Action item: Below are entries with pictures in them. Output exactly the lines starting at the line with "Renault R5 E-Tech Electrique" and ending at the line with "Bicicleta infantil,usada somente", both included, but not the pictures.

Given entries:
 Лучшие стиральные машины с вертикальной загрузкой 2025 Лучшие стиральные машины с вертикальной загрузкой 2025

* * *

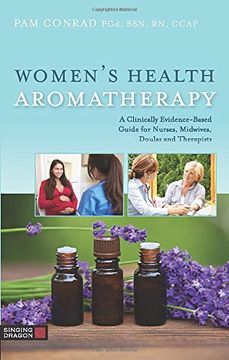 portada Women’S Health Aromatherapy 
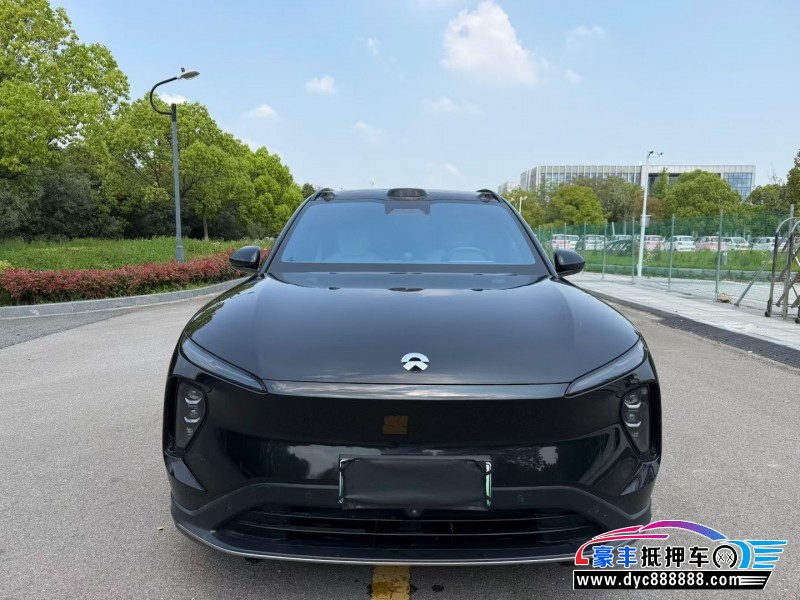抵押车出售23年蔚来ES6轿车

==

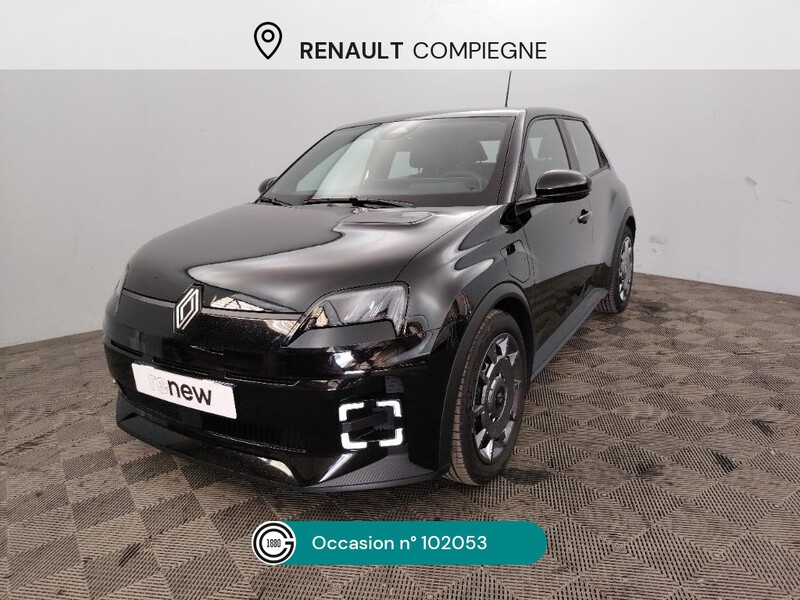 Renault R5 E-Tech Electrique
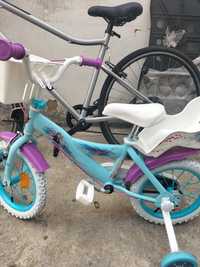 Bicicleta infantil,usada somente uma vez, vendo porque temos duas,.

Answer to this task:
 Renault R5 E-Tech Electrique
 Bicicleta infantil,usada somente uma vez, vendo porque temos duas,.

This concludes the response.